Entenda-se bem, não se está dizendo que não há diferenças anatômicas entre os diferentes seres humanos dotados de diferentes genitais e conformações corporais. O que se está dizendo é que essas diferenças não devem ser consideradas “essenciais” na definição dos papéis sociais de “homens” e “mulheres”, segundo a ótica binária – e especialmente na vivência das pessoas enquanto “pessoas masculinas” ou “femininas”, tanto que hoje vemos cada vez mais pessoas se identificarem como “não binárias”, ou seja, como não representadas pelo binarismo de gêneros (masculino/feminino), uma vez que encontram espaço para assumirem a legitimidade de suas identidades em um mundo que não pode mais se limitar pela mera oposição homem/mulher.

Portanto, crimes cometidos contra pessoas do “sexo” feminino são cometidas em razão daquilo que o machismo social espera ou exige de pessoas do “gênero feminino”, logo, considerando que “sexo” é uma construção social diretamente relacionada a “gênero”, então o crime de feminicídio deve abarcar o feminicídio transfóbico, cometido contra mulheres transexuais, travestis e demais pessoas trans que podem se identificar com o gênero feminino.

Dessa forma, o GADvS vem a público REPUDIAR a tentativa transfóbica de se excluir mulheres transexuais, travestis e demais pessoas trans que podem se identificar com o gênero feminino do crime de feminicídio por parte de nossos parlamentares, bem como vem DESTACAR que o termo “sexo”, entendido enquanto “corpo sexuado” e como construção social, é apto a abarcar o crime de feminicídio transfóbico, quando essa população for vítima de assassinato motivado em função da intolerância de gênero, que atribui que pessoas nascidas com um genital identificado como masculino não podem em hipótese alguma vivenciarem uma identidade de gênero feminina.

 

GADvS – Grupo de Advogados pela Diversidade Sexual *
pp. Paulo Iotti (diretor-presidente)
OAB/SP 242.668

 

[1] Cf. STF, ADC 19 [Ação Declaratória de Constitucionalidade n.º 19]. No mesmo sentido, defendendo a constitucionalidade da Lei Maria da Penha antes do referido julgamento, vide: VECCHIATTI, Paulo Roberto Iotti. Da Constitucionalidade e da Conveniência da Lei Maria da Penha. Conteudo Juridico, Brasilia-DF: 19 set. 2008. Disponivel em: http://www.conteudojuridico.com.br/?artigos&ver=2.21067&seo=1 Acesso em: 18 mar. 2015

[2] Cf. http://g1.globo.com/brasil/noticia/2013/11/numero-de-estupros-no-pais-supera-o-de-homicidios-dolosos-diz-estudo.html

[3] Cissexista é o sistema de opressão em que se legitimam apenas as identidades de gênero cisgêneras, ou seja, as pessoas que se identificam com o mesmo gênero que lhes foi designado no nascimento em razão de sua genitália. Heterossexista é o sistema de opressão em que se legitima apenas a heterossexualidade enquanto orientação sexual “digna/válida” de ser vivida.

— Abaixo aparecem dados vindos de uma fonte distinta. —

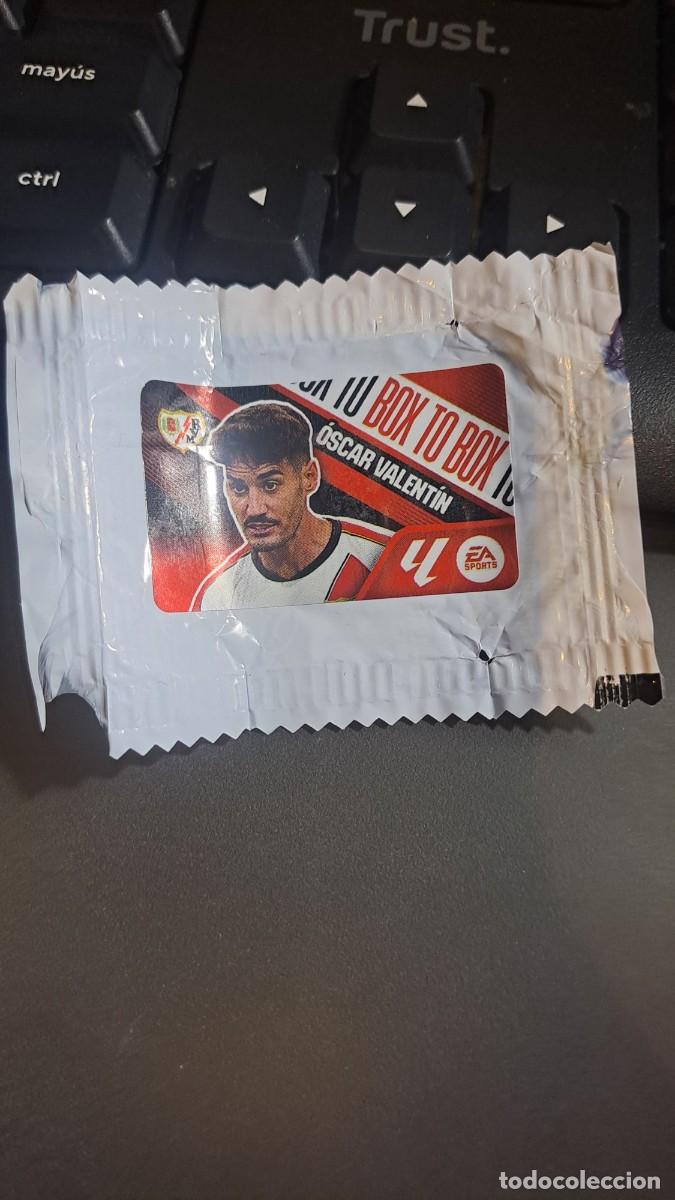 Coleccionismo cromos antiguos: CROMO OSCAR VALENTIN BOX TO BOX RAYO VALLECANO CHICLE LIGA 2026 2027 26 27 ESTE PANINI NUNCA PEGADO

[4] Cf.  http://tgeu.org/press-release-transgender-europes-trans-murder-monitoring-project-unveils-interactive-map-of-more-than-1500-reported-murders-of-trans-people-since-january-2008-1/

[5] Cf. as lições de Carlos Maximiliano, Geraldo Ataliba e Luís Roberto Barroso, para ficar apenas nestes ilustres autores da academia jurídica.

Não se pode deixar de agradecer a Daniela Andrade, militante transfeminista que felizmente integra os quadros do GADvS, cujos conhecimentos sobre gênero e sexualidade enriqueceram sobremaneira a presente nota.